"The center of the book shifts, is everywhere and no circumference can be drawn until the end" (7.2-5).
Admittedly I recycled this City of Glass quotation from my last blog post but in formulating an argument for our impending paper, I'd like to see how it might apply to a reading of Safe Area Gorazde, specifically in relation to questions of truth and narration.
Like City of Glass, Safe Area Gorazde's prologue takes a number of cues from the hard boiled tradition: The smokey and shadowy bar, trenchcoat/fedora clad stranger, and suggestions of a "Real Truth" to be had. I'll stop the comparison there, because unlike Quinn, Sacco seems to know that Real Truth is a counterfeit form of real truth, thus his intent to avoid the stranger who offers him his own version of it (ii.7).
Instead Sacco gleans his truths from a number of different (sometimes competing, often complementary) sources. Much of the truths he focuses on in the early segments of the novel deal with the day to day of Gorazde's citizens putting the pieces of their lives back together as the author pieces together the story he is trying to write(16.1). Early in his relationship with Riki, Sacco presses him for some war stories, but only gets "I have seen many horrible things . . . I saw many people killed. Parts of people. Horrible things" (26.1) and as he reveals in that panels narration, that's as much as he'd ever get from Riki.
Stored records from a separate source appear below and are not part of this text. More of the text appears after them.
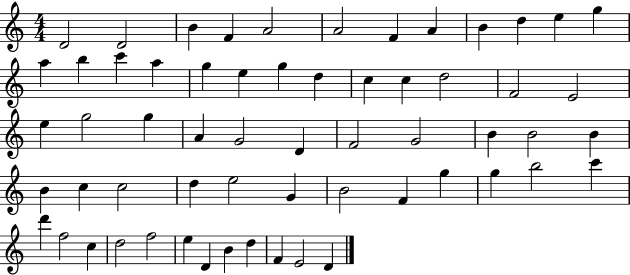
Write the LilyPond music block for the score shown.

{
  \clef treble
  \numericTimeSignature
  \time 4/4
  \key c \major
  d'2 d'2 | b'4 f'4 a'2 | a'2 f'4 a'4 | b'4 d''4 e''4 g''4 | \break a''4 b''4 c'''4 a''4 | g''4 e''4 g''4 d''4 | c''4 c''4 d''2 | f'2 e'2 | \break e''4 g''2 g''4 | a'4 g'2 d'4 | f'2 g'2 | b'4 b'2 b'4 | \break b'4 c''4 c''2 | d''4 e''2 g'4 | b'2 f'4 g''4 | g''4 b''2 c'''4 | \break d'''4 f''2 c''4 | d''2 f''2 | e''4 d'4 b'4 d''4 | f'4 e'2 d'4 | \break \bar "|."
} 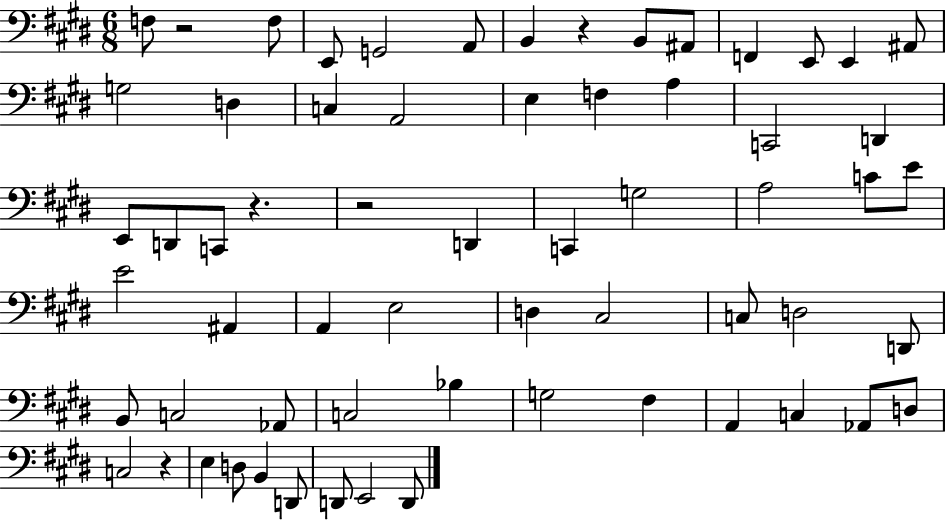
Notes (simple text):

F3/e R/h F3/e E2/e G2/h A2/e B2/q R/q B2/e A#2/e F2/q E2/e E2/q A#2/e G3/h D3/q C3/q A2/h E3/q F3/q A3/q C2/h D2/q E2/e D2/e C2/e R/q. R/h D2/q C2/q G3/h A3/h C4/e E4/e E4/h A#2/q A2/q E3/h D3/q C#3/h C3/e D3/h D2/e B2/e C3/h Ab2/e C3/h Bb3/q G3/h F#3/q A2/q C3/q Ab2/e D3/e C3/h R/q E3/q D3/e B2/q D2/e D2/e E2/h D2/e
Sacco is however successful in getting some pretty horrific stories from other citizens (mostly told in the black guttered flashback sections that come to dominate the second half of the book). At points he seems unsatiable, interrupting a perfectly pleasant social gathering to interrogate Sabina about her "worst moment." "The Real Truth," Sacco narrates "was I hadn't come to record the antics of some silly girls" (151). Maybe he hadn't, but these ostensibly banal interactions constiute the heart of the story Sacco is telling. Afterall, he's not telling the stories that make up the wartime sections of the book. These horrific tales come from the people he has interviewed and every now and then Sacco even comes to question their truthfulnes. Take Dr. Begovic's "far fetched or maybe not" story about a man forced to eat his grandson's liver (125.3-4) or Nermin and Haso's claims of Serbian use of combat gas* (200. 2). Ultimately, as Sacco narrates since Gorazde was cut off from camera's "It's suffering was the sole property of those who experienced it" (126.3). Best to let them tell their truths and let the reader sort through them to create a complete picture.
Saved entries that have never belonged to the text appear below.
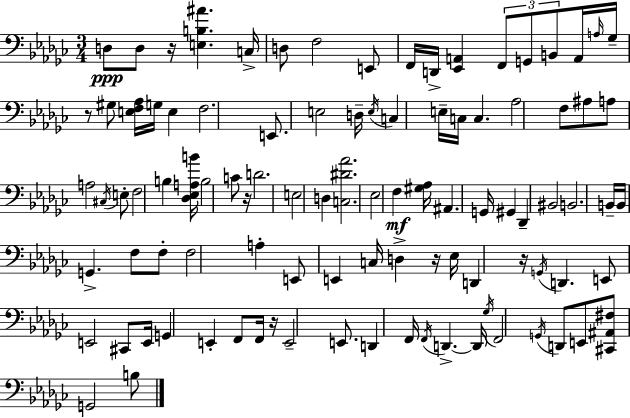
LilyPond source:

{
  \clef bass
  \numericTimeSignature
  \time 3/4
  \key ees \minor
  d8\ppp d8 r16 <e b ais'>4. c16-> | d8 f2 e,8 | f,16 d,16-> <ees, a,>4 \tuplet 3/2 { f,8 g,8 b,8 } | a,16 \grace { a16 } ges16-- r8 gis8 <e f aes>16 g16 e4 | \break f2. | e,8. e2 | d16-- \acciaccatura { e16 } c4 e16-- c16 c4. | aes2 f8 | \break ais8 a8 a2 | \acciaccatura { cis16 } e8-. f2 b4 | <des ees a b'>16 b2 | c'8 r16 d'2. | \break e2 d4 | <c dis' aes'>2. | ees2 f4\mf | <gis aes>16 ais,4. g,16 gis,4 | \break des,4-- bis,2 | b,2. | b,16-- b,16 g,4.-> f8 | f8-. f2 a4-. | \break e,8 e,4 c16 d4-> | r16 ees16 d,4 r16 \acciaccatura { g,16 } d,4. | e,8 e,2 | cis,8 e,16 g,4 e,4-. | \break f,8 f,16 r16 e,2-- | e,8. d,4 f,16 \acciaccatura { f,16 } d,4.->~~ | d,16 \acciaccatura { ges16 } f,2 | \acciaccatura { g,16 } d,8 e,8 <cis, ais, fis>8 g,2 | \break b8 \bar "|."
} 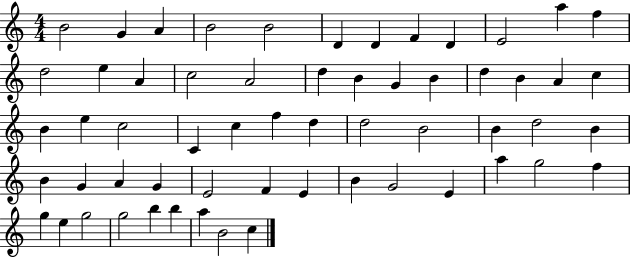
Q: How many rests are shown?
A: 0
Real Truth is dangerous. Politicos and claimsmakers twisted the Real Truths of history to justify, rationalize, and even incite the atrocities that we have just read about. The Real Truth of Gorazde as a "safe area" is actually the "meaninglessness of the safe area concept" (184). Even once "peace" most Gorazdians are skeptical of the truthfulness in the concept of "real peace" (214.1-4).
Can we draw a circumference by the novel's conclusion? Sacco returns to Gorazde feeling alienated as all his friends have left but finds Edin there who is concerned with"getting on with things" (227.4), looking ahead instead of walking in circles.